### Task brief
Write again exactly the lines in the listing below, starting at the line with "14769 Nelson Way" and ending at the line with "YSL 26S ZIP UP HOODED CARDIGAN 389", both included. Pictures are not copied.

### Material to process
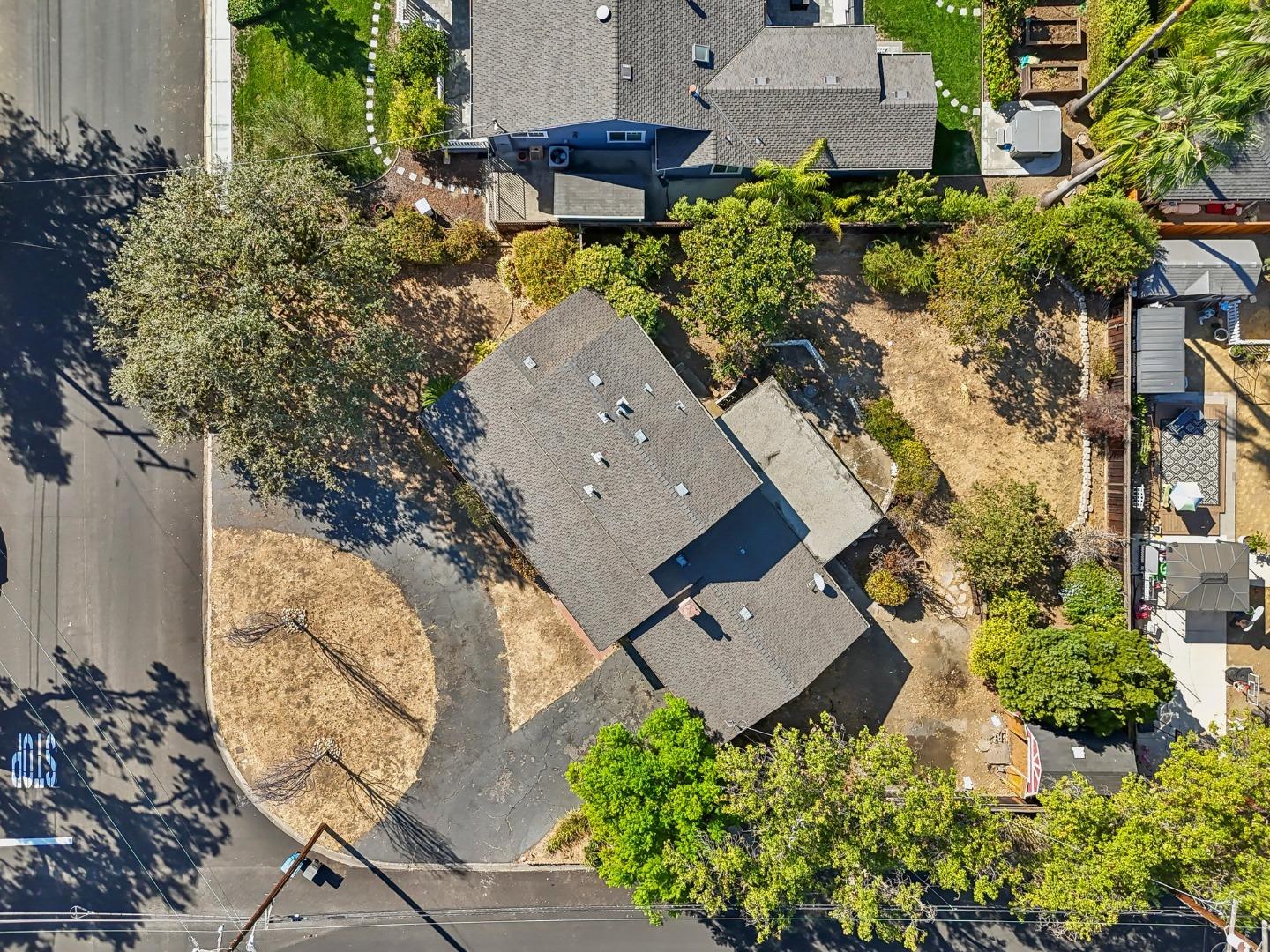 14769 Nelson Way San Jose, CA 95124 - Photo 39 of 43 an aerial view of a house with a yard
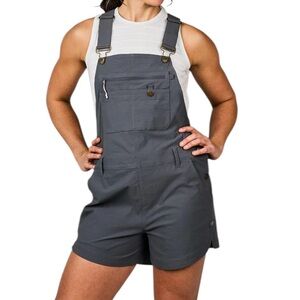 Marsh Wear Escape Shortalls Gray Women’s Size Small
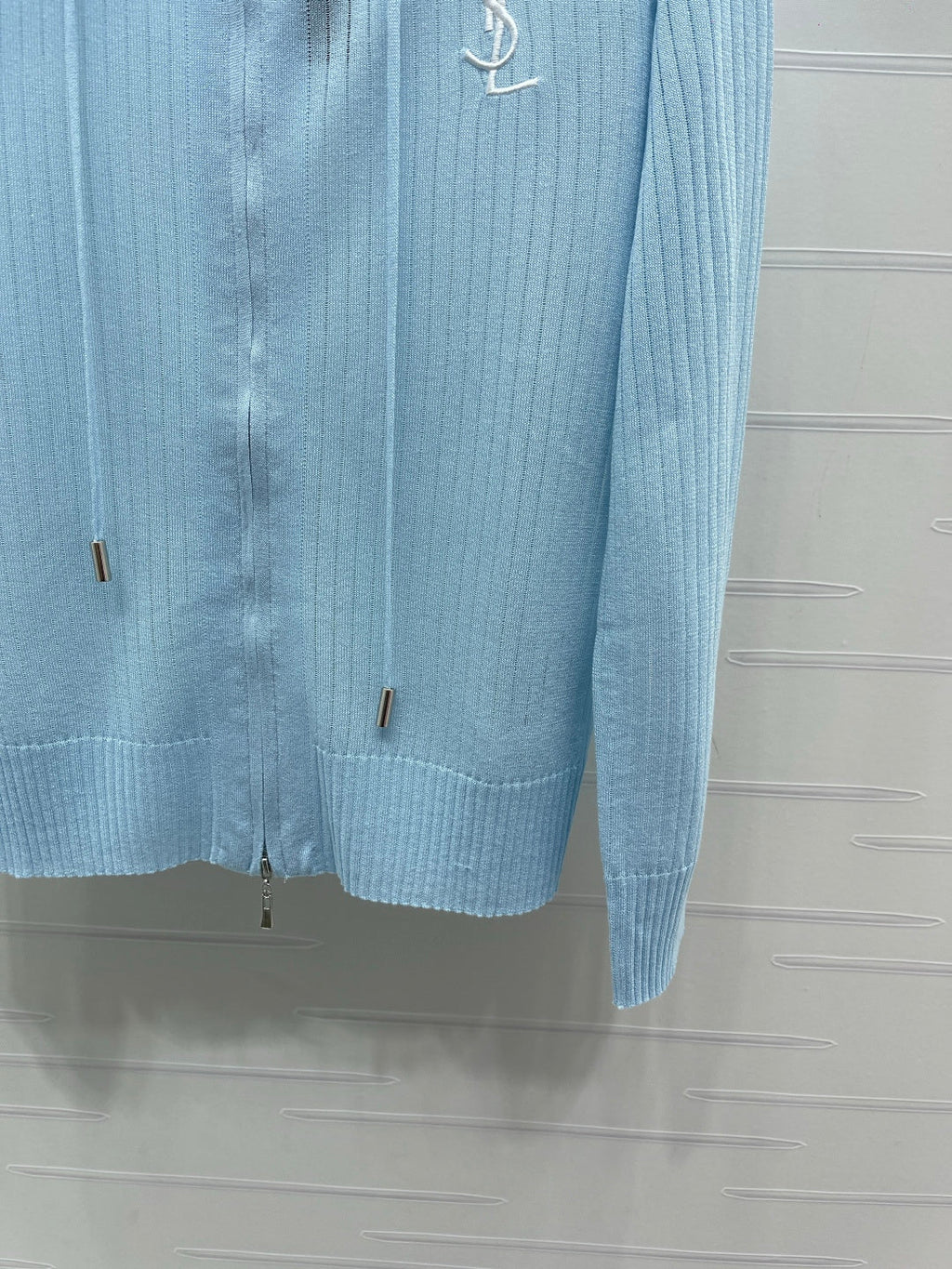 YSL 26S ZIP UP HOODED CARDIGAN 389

...

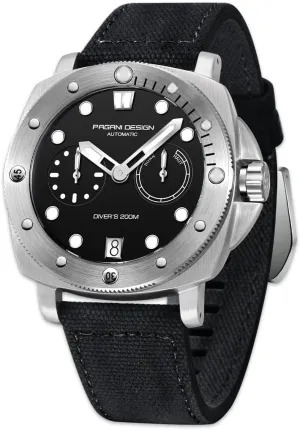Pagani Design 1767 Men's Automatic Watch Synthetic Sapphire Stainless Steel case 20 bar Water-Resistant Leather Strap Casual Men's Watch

### Result
 14769 Nelson Way San Jose, CA 95124 - Photo 39 of 43 an aerial view of a house with a yard
 Marsh Wear Escape Shortalls Gray Women’s Size Small
 YSL 26S ZIP UP HOODED CARDIGAN 389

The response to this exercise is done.